Wang, Jennifer, Huang, Kayla, Klyman, Kevin, Bommasani, Rishi
Voluntary commitments are central to international AI governance, as demonstrated by recent voluntary guidelines from the White House to the G7, from Bletchley Park to Seoul. How do major AI companies make good on their commitments? We score companies based on their publicly disclosed behavior by developing a detailed rubric based on their eight voluntary commitments to the White House in 2023. We find significant heterogeneity: while the highest-scoring company (OpenAI) scores a 83% overall on our rubric, the average score across all companies is just 53%. The companies demonstrate systemically poor performance for their commitment to model weight security with an average score of 17%: 11 of the 16 companies receive 0% for this commitment.

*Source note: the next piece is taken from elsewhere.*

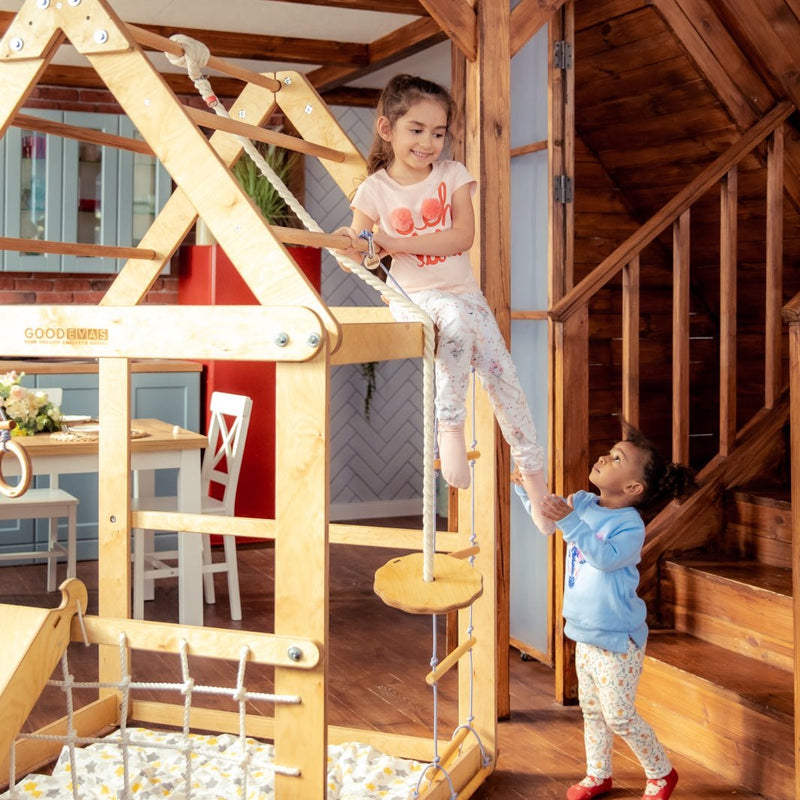 Indoor Wooden Playhouse with Triangle ladder, Slide Board and Swings-4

Our analysis highlights a clear structural shortcoming that future AI governance initiatives should correct: when companies make public commitments, they should proactively disclose how they meet their commitments to provide accountability, and these disclosures should be verifiable. To advance policymaking on corporate AI governance, we provide three directed recommendations that address underspecified commitments, the role of complex AI supply chains, and public transparency that could be applied towards AI governance initiatives worldwide.